- [TASK ITEM]
Write down, unchanged, the entries from the first line through the line holding "2014 LEXUS IS 250 JTHCF1D27E5009848 Photo 8". Include no other line.

- [SOURCE RECORDS]
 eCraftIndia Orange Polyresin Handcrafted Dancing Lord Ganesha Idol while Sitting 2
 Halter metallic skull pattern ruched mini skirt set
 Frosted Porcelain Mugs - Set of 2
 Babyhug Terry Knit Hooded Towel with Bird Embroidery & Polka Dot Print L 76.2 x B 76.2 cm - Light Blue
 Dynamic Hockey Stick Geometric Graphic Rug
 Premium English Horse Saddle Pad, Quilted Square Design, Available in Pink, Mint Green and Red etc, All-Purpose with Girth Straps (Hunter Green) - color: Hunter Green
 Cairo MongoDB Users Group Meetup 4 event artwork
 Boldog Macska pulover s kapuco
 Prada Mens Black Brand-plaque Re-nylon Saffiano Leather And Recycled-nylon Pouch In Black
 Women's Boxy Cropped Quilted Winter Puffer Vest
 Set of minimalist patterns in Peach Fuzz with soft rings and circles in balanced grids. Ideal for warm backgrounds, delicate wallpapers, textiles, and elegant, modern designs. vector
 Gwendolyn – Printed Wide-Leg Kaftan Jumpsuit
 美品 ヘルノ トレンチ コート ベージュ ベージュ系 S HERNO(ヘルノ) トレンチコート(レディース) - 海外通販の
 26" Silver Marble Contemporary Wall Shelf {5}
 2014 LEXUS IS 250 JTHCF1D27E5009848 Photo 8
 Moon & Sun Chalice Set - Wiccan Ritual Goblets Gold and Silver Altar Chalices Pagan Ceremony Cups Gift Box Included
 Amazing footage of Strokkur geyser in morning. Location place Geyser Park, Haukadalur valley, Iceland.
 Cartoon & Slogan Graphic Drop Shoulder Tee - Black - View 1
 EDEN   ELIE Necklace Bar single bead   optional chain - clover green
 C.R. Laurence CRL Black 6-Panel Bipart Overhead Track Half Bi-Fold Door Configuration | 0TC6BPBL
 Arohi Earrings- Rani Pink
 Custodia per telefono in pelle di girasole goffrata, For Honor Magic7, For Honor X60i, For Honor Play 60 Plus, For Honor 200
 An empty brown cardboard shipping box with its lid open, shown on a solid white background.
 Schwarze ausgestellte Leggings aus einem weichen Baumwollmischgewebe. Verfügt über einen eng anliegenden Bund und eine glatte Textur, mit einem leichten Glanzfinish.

- [TASK RESPONSE]
 eCraftIndia Orange Polyresin Handcrafted Dancing Lord Ganesha Idol while Sitting 2
 Halter metallic skull pattern ruched mini skirt set
 Frosted Porcelain Mugs - Set of 2
 Babyhug Terry Knit Hooded Towel with Bird Embroidery & Polka Dot Print L 76.2 x B 76.2 cm - Light Blue
 Dynamic Hockey Stick Geometric Graphic Rug
 Premium English Horse Saddle Pad, Quilted Square Design, Available in Pink, Mint Green and Red etc, All-Purpose with Girth Straps (Hunter Green) - color: Hunter Green
 Cairo MongoDB Users Group Meetup 4 event artwork
 Boldog Macska pulover s kapuco
 Prada Mens Black Brand-plaque Re-nylon Saffiano Leather And Recycled-nylon Pouch In Black
 Women's Boxy Cropped Quilted Winter Puffer Vest
 Set of minimalist patterns in Peach Fuzz with soft rings and circles in balanced grids. Ideal for warm backgrounds, delicate wallpapers, textiles, and elegant, modern designs. vector
 Gwendolyn – Printed Wide-Leg Kaftan Jumpsuit
 美品 ヘルノ トレンチ コート ベージュ ベージュ系 S HERNO(ヘルノ) トレンチコート(レディース) - 海外通販の
 26" Silver Marble Contemporary Wall Shelf {5}
 2014 LEXUS IS 250 JTHCF1D27E5009848 Photo 8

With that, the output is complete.